The friend who said this to me, added that "though the plays are cynical, he was not cynical in himself." I do not feel that the plays are cynical. They seem heartless at first sight. The abundant malicious zest in them gives them an air of cruelty. But in the plays, Synge did with his personality as he did in daily life. He buried his meaning deep. He covered his tragedy with mockeries.

More than a year ago a friend asked me what sort of man Synge was. I answered, "a perfect companion." The other day I saw that another friend, who knew him better than I, had described him as "the best companion." After that first day, when I called upon him at his room, we met frequently. We walked long miles together, generally from Bloomsbury to the river, along the river to Vauxhall, and back by Westminster to Soho. We sometimes dined together at a little French restaurant, called the Restaurant des Gourmets. The house still stands; but it has now grown to five times the size. The place where Synge and I used to sit has now been improved away. We spent happy hours there, talking, rolling cigarettes, and watching the life. "Those were great days," he used to say. He was the best companion for that kind of day.

Our talk was always about life. When we talked about writers (modern French and ancient English writers) it was not about their writings that we talked, but about the something kindling in them, which never got expressed. His theory of writing was this:—"No good writer can ever be translated." He used to quote triumphantly from Shakespeare's 130th. Sonnet.

"As any she belied with false compare."

"How would you put that into French?" he asked.

He never talked about himself. He often talked of his affairs, his money, his little room in Paris, his meetings with odd characters, etc., but never of himself. He had wandered over a lot of Europe. He was silent about all that.

Very rarely, and then by chance, when telling of the life in Aran, or of some strange man in the train or in the steamer, he revealed little things about himself:—

"They asked me to fiddle to them, so that they might dance."

"Do you play, then?"

"I fiddle a little. I try to learn something different for them every time. The last time I learned to do conjuring tricks. They'd get tired of me if I didn't bring something new. I'm thinking of learning the penny whistle before I go again."

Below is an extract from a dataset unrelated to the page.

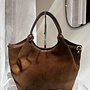 Lou Medium Suede Cognac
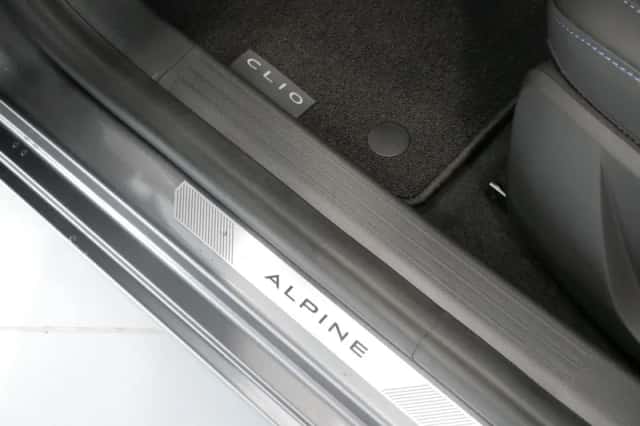 Renault Clio (2026) thumbnail 35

I never heard him mention his early life nor what he endured in his struggles to find a form. I believe he never spoke about his writings, except to say that he wrote them slowly, many times over. His talk was always about vivid, picturesque, wild life. He took greater joy in what some frantic soul from Joyce's country said when the policeman hit him than in anything of his own. He found no vivid life in England. He disliked England. I think he only knew London. Afterwards he stayed for a couple of weeks in Devonshire. London is a place where money can be made and spent. Devonshire is a place where elderly ladies invite retired naval officers to tea. England lies further to the north. He was never in any part of England where the country life is vigorous and picturesque. He believed England to be all suburb, like the "six counties overhung with smoke." Soon after our first meeting I was present at his first success. His two early plays, Riders to the Sea and The Shadow of the Glen, were read aloud to about a dozen friends at the rooms of one who was always most generously helpful to writers not yet sure of their road. A lady read the plays very beautifully. Afterwards we all applauded. Synge learned his metier that night. Until then, all his work had been tentative and in the air. After that, he went forward, knowing what he could do.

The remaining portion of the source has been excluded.